SAS - 1 bag plus 1 personal item. Bag not bigger than 9x14x22 or 45 linear inches. No specified weight limit.
I know that many short hops in Europe are more restrictive. Has anyone had problems on intercontinental flights with camera bags that meet these criteria?
I agree with Michael's comments but take a different route, I carry my laptop and load power packs etc into pockets, I guess it depends on the relative weights of your lenses and laptop.
Airlines are incredibly inconsistent for flights inside Europe (and I have made many hundreds of these over the past 20 years), notably strict are Air Lingus and BA, SAS and Air France seem generally more relaxed, although SAS do have a lot of older MD planes with relatively small bin space. Also on many of the less used routes even the largest airlines use planes (often small BAE149 and Bombadier jets) that cannot handle even modest bags in their lockers and then they often load the bags from the foot of the boarding steps to the hold and hand deliver them back to you on the tarmac when you land, so whilst this is miles better than normal baggage handling you need to be sure things are well packed and not rely on looking after the bags yourself.
One trick is to exploit any frequent flyer benefits you have to get lounge access, often passengers from the lounges take a slightly different route to the plane and are treated differently (more like business class) and can slip more/bigger bags on board. This works very well with One World and Star Allliance etc gold memership if you've got them and your travelling on a members flight. I've found even out of date gold tags on my bags tend to help getting them through some of the more anal staff in London (Heathrow is the worst airport for bossy ground staff).

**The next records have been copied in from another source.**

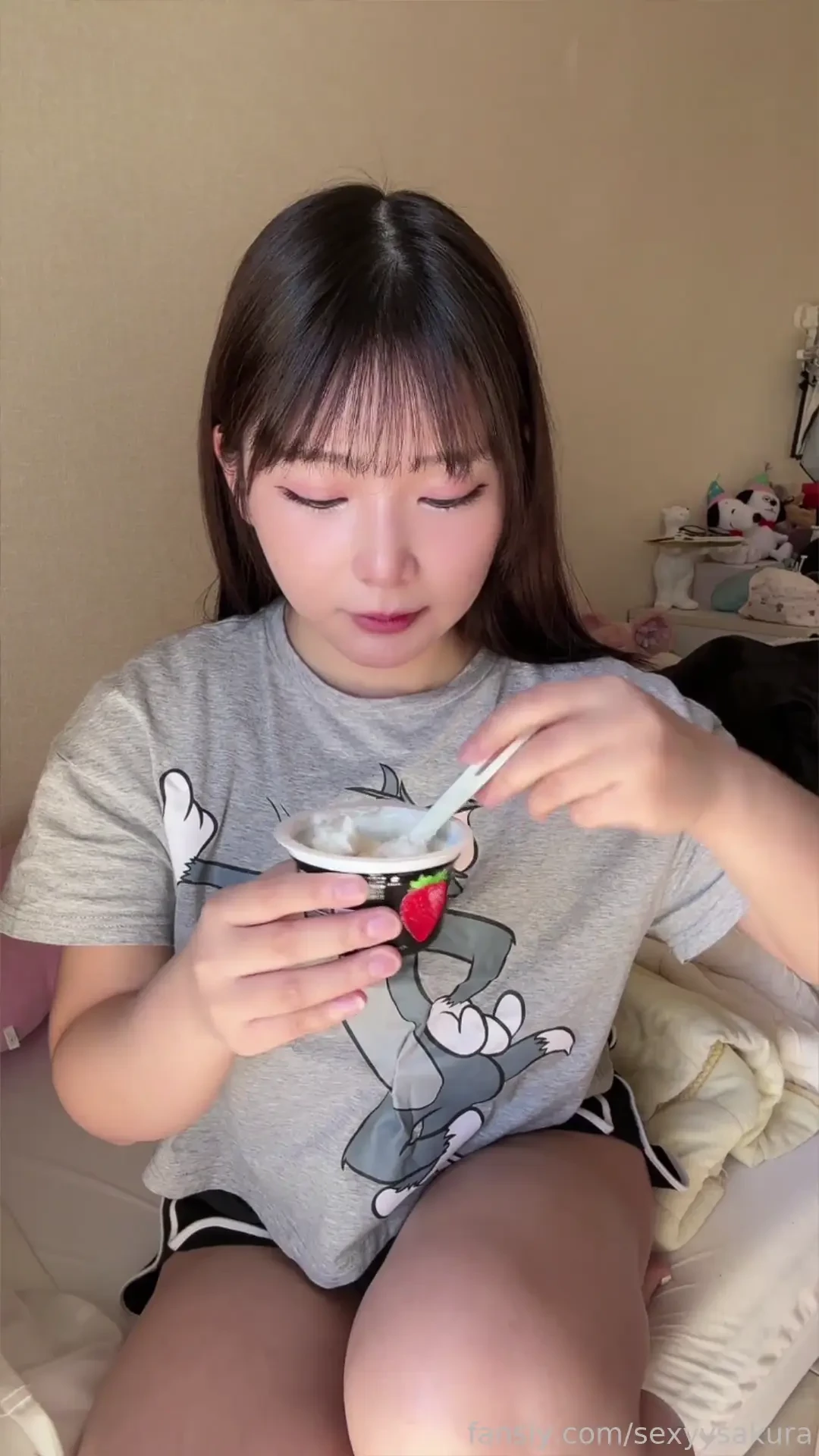 Sweet cold and oh-so-delicious who wants a bite 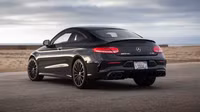 Mercedes-Benz C-Class: Cả hai phiên bản coupe và cabriolet của C-Class và E-Class sẽ lui lại, để mở đường cho CLE-Class năm 2024.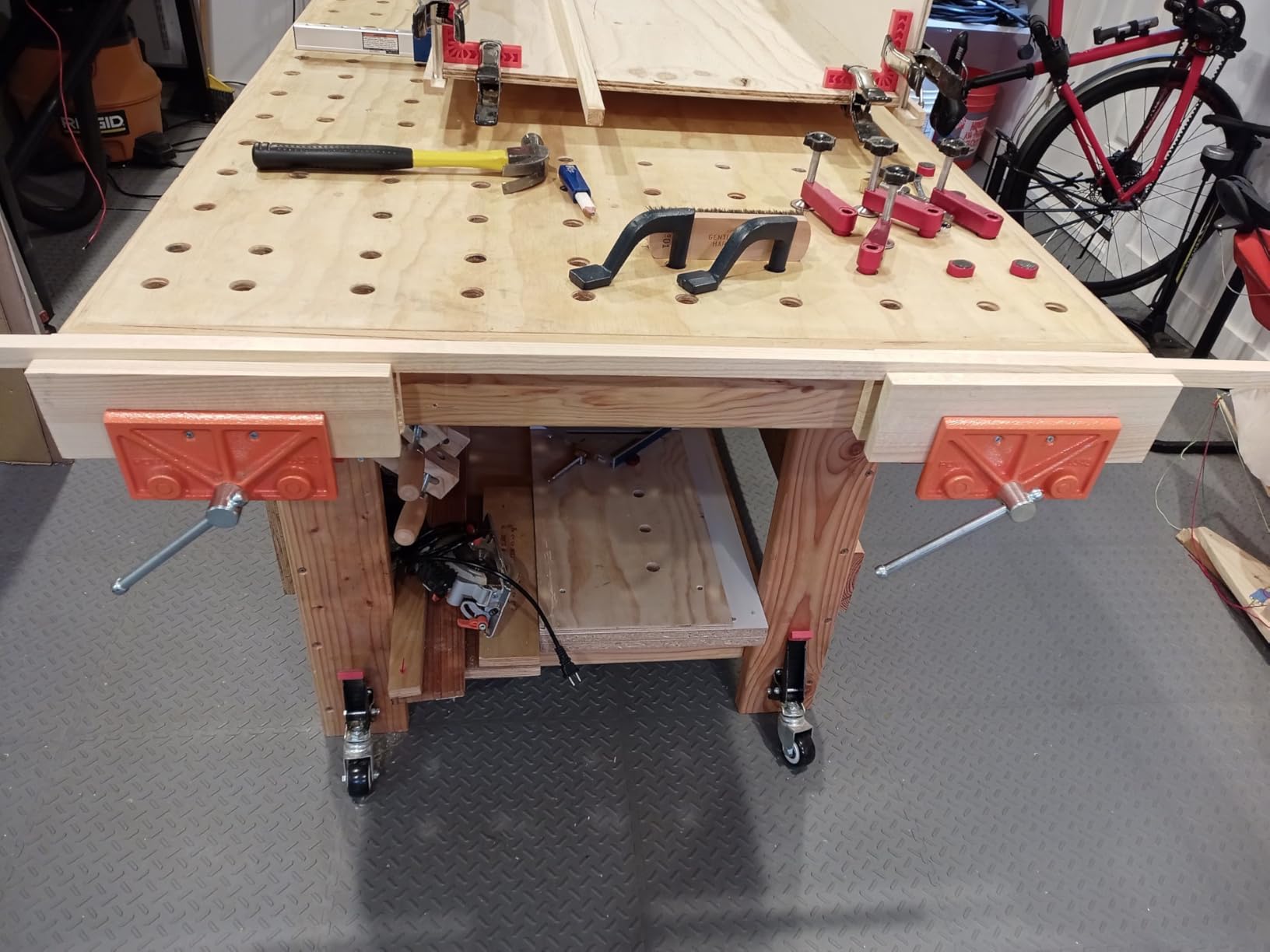 Pony 26545 4-1/2-Inch x 6-1/2-Inch Light Duty Woodworker's Vise customer photo 1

It's also key that you board as early as possible, once the bins are full the crew will force you to put anything that won't fit under the seat into the hold and I've found them far less easy to sweet talk than US flight crews. I always look ahead and if the bins look pretty full already I put my bags in the first space I find (usually in Business class) regardless of where I'm sitting (to do this more safely my bags are not obvious camera bags, just scruffy back packs or wheelie bags), of course if they unload from the back of the plane you're going to be last off ......
I'm sure you know most of this if you travel much but hope there's something here of help.